It's like a combination of some of the graphic crispness of contemporary advertising (I think it's no coincidence that Hardt is a Mac nut; the one-thing-floating-on-whitespace seems very consistent with the sensibility of Apple's post-OSX website and print ads and whatnot) with the minimalism and presentational bluntness of the sort of lo-fi flash animations you see people hack up to accompany like comedy mp3s or whatever. Where they're like, uh, okay, I guess I'll just display some words here for what the audio is saying. Oh! Now I'll put a picture of the thing being mentioned. And then I'll reuse that every other time that thing is mentioned. Totally. Sweet.

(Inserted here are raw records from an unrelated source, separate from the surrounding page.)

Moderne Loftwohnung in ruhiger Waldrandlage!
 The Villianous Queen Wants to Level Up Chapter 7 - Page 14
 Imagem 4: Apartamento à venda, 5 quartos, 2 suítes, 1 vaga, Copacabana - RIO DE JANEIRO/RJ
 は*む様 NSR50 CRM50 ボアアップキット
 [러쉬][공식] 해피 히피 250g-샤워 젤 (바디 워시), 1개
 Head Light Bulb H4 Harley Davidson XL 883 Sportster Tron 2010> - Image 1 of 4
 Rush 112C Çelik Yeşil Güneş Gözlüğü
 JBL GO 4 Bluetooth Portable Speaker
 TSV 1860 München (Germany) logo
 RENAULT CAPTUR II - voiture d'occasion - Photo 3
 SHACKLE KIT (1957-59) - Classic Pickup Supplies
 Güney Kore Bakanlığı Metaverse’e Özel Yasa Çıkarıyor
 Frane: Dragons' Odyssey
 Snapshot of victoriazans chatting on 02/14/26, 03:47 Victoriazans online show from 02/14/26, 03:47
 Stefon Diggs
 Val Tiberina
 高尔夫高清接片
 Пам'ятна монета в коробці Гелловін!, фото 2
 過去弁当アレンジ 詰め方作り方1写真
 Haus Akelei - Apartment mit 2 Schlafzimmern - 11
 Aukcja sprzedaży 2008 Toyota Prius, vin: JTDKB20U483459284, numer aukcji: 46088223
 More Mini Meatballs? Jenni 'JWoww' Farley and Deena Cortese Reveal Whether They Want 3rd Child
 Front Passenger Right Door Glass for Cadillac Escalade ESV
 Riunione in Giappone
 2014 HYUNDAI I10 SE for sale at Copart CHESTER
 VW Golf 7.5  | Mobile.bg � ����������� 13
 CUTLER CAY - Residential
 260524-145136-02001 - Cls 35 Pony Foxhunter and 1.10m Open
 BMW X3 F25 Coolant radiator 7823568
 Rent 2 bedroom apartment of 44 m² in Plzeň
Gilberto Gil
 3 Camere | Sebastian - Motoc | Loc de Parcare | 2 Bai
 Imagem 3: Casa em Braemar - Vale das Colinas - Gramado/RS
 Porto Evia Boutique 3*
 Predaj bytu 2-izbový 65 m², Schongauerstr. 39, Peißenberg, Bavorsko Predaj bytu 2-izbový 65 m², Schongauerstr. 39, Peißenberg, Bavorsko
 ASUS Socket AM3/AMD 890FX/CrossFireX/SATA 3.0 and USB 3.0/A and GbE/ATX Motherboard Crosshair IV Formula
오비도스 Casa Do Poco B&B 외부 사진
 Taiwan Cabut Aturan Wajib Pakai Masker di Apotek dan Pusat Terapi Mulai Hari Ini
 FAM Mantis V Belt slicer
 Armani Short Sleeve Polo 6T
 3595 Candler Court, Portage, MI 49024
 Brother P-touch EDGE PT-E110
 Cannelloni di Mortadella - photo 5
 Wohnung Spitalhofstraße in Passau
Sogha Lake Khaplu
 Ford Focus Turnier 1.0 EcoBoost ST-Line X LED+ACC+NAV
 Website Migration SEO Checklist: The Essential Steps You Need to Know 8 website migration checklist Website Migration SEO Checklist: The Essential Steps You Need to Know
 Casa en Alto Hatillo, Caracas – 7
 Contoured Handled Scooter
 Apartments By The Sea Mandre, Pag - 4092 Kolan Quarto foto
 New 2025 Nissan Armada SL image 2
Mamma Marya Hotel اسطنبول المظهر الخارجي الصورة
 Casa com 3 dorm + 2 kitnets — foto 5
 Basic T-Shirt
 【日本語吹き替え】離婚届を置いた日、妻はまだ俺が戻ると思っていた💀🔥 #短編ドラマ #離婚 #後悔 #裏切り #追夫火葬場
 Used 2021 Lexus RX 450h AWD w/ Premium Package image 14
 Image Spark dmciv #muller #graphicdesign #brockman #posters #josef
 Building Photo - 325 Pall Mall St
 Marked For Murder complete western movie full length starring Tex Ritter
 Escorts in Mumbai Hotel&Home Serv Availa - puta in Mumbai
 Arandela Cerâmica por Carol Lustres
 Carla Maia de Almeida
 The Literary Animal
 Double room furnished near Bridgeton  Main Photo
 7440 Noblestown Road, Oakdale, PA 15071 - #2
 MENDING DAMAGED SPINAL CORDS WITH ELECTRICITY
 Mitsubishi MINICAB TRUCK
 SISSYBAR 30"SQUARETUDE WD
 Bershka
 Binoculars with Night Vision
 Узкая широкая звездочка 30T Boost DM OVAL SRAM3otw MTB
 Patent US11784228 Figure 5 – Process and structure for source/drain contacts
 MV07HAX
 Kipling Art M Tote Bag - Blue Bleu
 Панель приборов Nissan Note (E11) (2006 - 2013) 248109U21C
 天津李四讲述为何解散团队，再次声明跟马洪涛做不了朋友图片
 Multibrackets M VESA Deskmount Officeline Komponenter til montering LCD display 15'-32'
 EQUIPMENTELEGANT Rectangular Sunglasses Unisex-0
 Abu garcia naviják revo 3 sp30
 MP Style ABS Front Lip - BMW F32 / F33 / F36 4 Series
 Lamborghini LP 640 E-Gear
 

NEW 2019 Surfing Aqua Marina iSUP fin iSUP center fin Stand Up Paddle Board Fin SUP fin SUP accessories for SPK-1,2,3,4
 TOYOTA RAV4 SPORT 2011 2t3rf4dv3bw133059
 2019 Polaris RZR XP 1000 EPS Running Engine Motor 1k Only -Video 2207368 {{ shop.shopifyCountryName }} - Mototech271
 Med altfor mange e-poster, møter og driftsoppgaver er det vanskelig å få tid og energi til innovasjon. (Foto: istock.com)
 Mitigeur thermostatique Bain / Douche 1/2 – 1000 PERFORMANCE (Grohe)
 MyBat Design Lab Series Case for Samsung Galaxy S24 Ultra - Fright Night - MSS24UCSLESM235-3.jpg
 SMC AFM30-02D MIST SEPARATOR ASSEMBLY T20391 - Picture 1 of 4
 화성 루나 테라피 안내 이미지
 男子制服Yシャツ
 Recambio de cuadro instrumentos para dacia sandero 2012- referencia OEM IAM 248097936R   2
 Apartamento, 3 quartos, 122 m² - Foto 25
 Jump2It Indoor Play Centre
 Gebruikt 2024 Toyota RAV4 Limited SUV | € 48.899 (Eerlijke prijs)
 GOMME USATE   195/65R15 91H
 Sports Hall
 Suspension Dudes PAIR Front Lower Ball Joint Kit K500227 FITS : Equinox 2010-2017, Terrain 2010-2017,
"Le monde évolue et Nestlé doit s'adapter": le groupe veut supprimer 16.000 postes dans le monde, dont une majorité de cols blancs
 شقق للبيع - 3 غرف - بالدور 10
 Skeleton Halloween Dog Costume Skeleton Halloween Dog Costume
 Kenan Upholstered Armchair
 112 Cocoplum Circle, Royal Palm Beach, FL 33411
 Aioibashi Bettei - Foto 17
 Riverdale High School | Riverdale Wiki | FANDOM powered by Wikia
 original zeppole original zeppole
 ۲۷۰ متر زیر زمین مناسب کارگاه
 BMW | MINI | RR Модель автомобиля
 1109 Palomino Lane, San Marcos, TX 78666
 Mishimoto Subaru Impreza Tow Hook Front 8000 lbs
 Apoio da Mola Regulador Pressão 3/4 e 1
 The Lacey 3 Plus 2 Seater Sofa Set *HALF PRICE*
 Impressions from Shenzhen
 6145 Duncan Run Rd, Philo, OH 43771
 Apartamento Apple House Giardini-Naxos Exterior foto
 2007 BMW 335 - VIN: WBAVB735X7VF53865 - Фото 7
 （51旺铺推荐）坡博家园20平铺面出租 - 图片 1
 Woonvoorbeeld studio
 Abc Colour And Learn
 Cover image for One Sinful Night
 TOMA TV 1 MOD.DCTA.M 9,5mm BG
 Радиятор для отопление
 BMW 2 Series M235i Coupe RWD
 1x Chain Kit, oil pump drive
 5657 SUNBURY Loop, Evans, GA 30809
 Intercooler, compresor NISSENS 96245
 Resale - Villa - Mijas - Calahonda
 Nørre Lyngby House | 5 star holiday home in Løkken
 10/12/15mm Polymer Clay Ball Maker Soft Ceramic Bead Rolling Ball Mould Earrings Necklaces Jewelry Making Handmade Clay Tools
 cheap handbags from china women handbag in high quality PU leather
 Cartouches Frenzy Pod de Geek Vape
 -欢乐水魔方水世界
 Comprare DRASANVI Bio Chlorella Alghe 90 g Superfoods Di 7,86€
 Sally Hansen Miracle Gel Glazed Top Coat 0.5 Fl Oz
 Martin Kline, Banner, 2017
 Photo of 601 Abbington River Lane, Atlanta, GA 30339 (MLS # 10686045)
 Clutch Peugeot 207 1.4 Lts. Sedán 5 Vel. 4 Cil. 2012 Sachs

Surprisingly, though I can't resist making fun of it, it's actually pleasant to watch. Exactly the things that at first seem simple-minded about it are what make it good. I'm beginning to believe that an important feature of good presentations is repetition. Not that it's always the case that more repetition = more good, but when I hear something (and see it) represented in exactly the same way in several different parts of the discussion, it's very easy to hang on to that thing. Very early in the talk I'm made to know the "characters" of the story he's telling, and very quickly they seem familiar. Corporate logos are already designed to be iconic and memorable, and he chose some other good images, too; the driver's license, the google maps interface, the bottle of liquor, all instantly recognizable, and all good hooks on which to hang the flow of the talk. I'm reminded of the Wason test; it's nice to have a concrete situation to check your intutitions against when one's available. Or maybe it's just because both have to do with underage drinking :)
I might prefer something a little less quick-cutting --- something that keeps some things on the screen more stably --- but I'm excited that there is a clear push out of the stale dinosaur-park world of bullet, bullet, bullet, next slide, next slide, any questions.